REQUIRED WORK: Reproduce the data that follows character for character, but omit its pictures.

SUPPLIED MATERIAL:
§
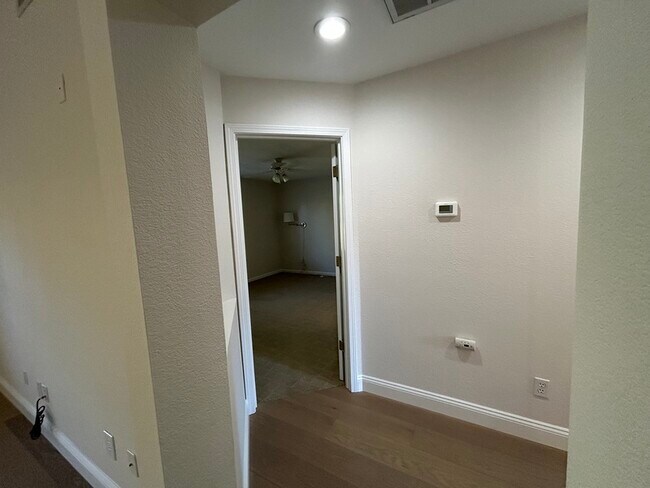 Building Photo - 248 Summer Grove Cir
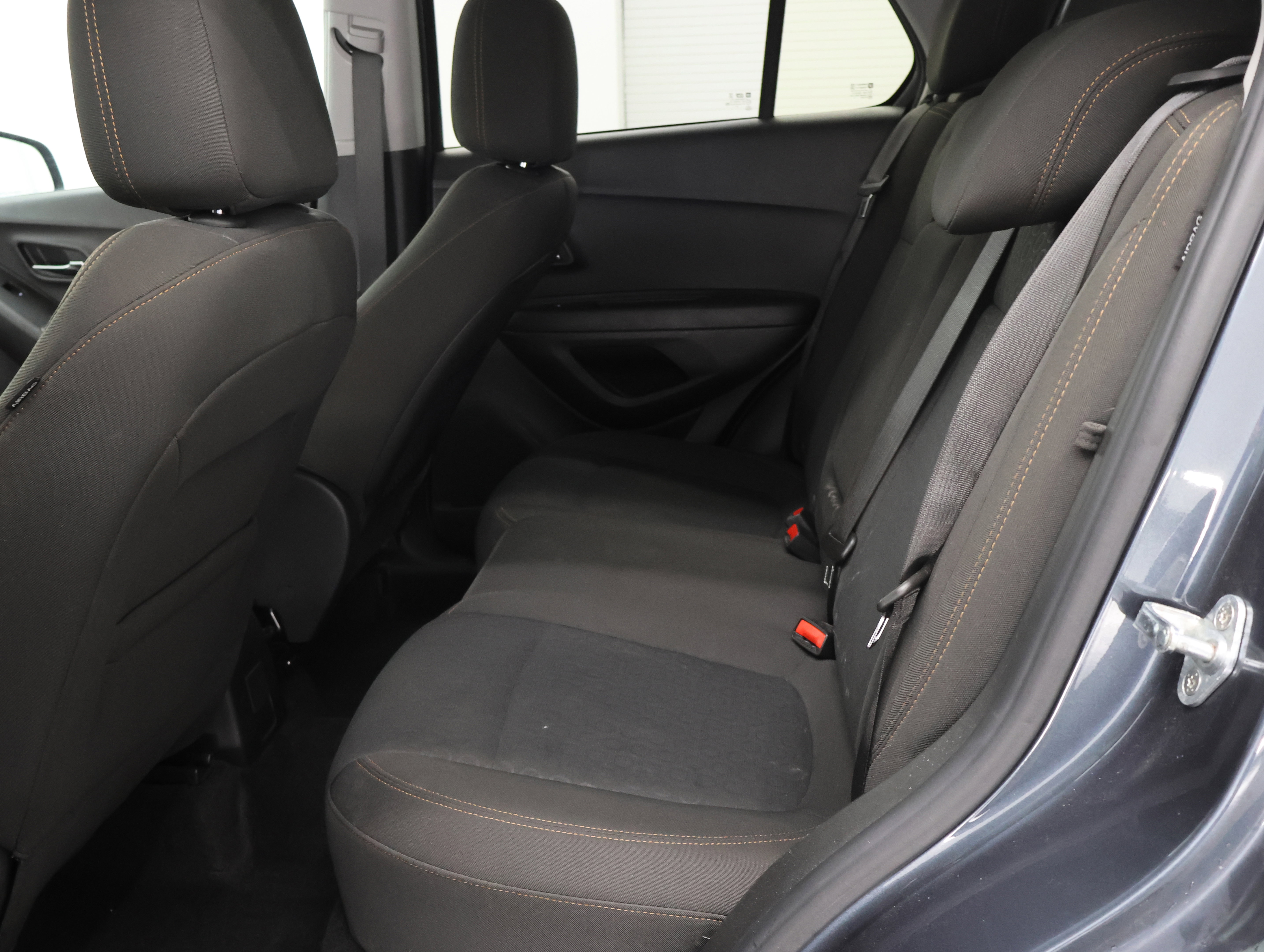 Used 2021 Chevrolet Trax LS w/ Tint and Cruise Package FWD image 9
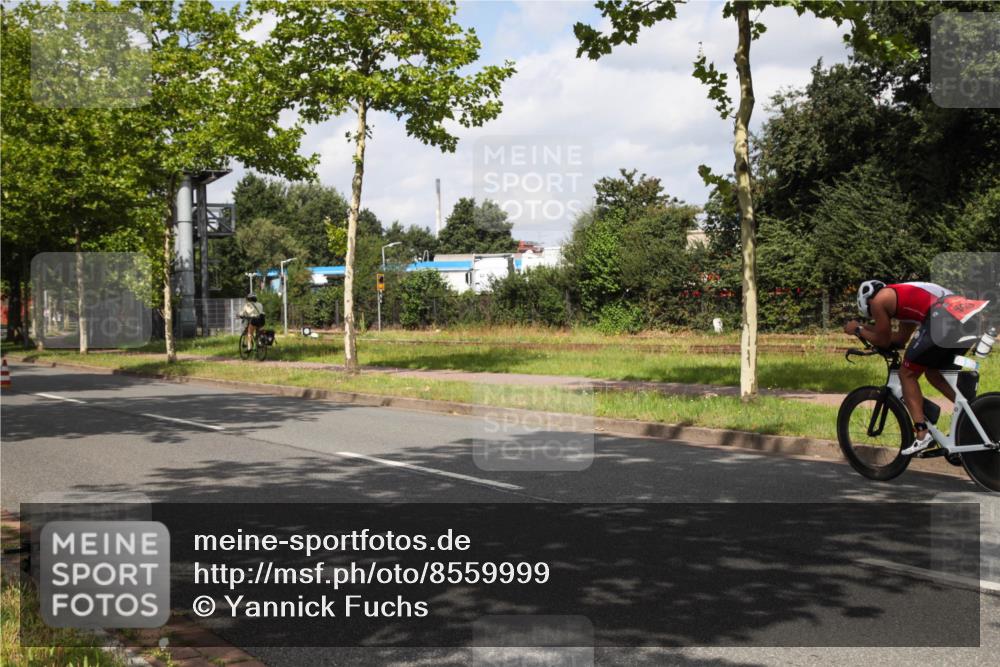 10.08.2025 - GEWOBA Citytriathlon Bremen Yannick Fuchs http://msf.ph/oto/8559999 10.08.2025 12:00:56 Radfahren 579 meine-sportfotos.de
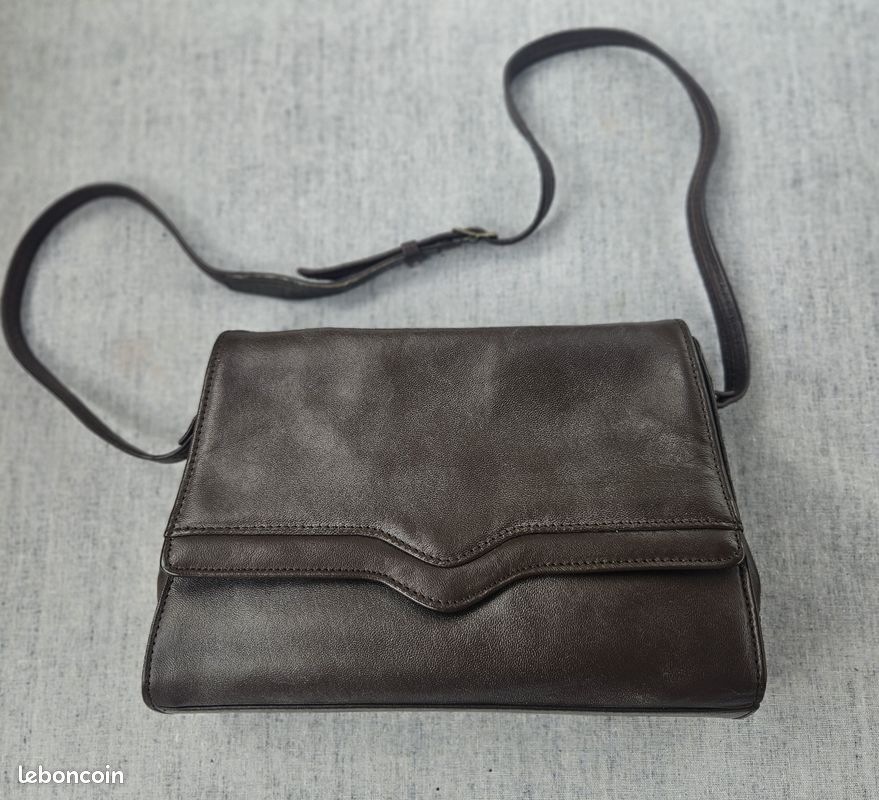 Moda Luxe Ela Fold Over Crossbody Moda Luxe Ela Foldover Crossbody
§
SOLUTION:
 Building Photo - 248 Summer Grove Cir
 Used 2021 Chevrolet Trax LS w/ Tint and Cruise Package FWD image 9
 10.08.2025 - GEWOBA Citytriathlon Bremen Yannick Fuchs http://msf.ph/oto/8559999 10.08.2025 12:00:56 Radfahren 579 meine-sportfotos.de
 Moda Luxe Ela Fold Over Crossbody Moda Luxe Ela Foldover Crossbody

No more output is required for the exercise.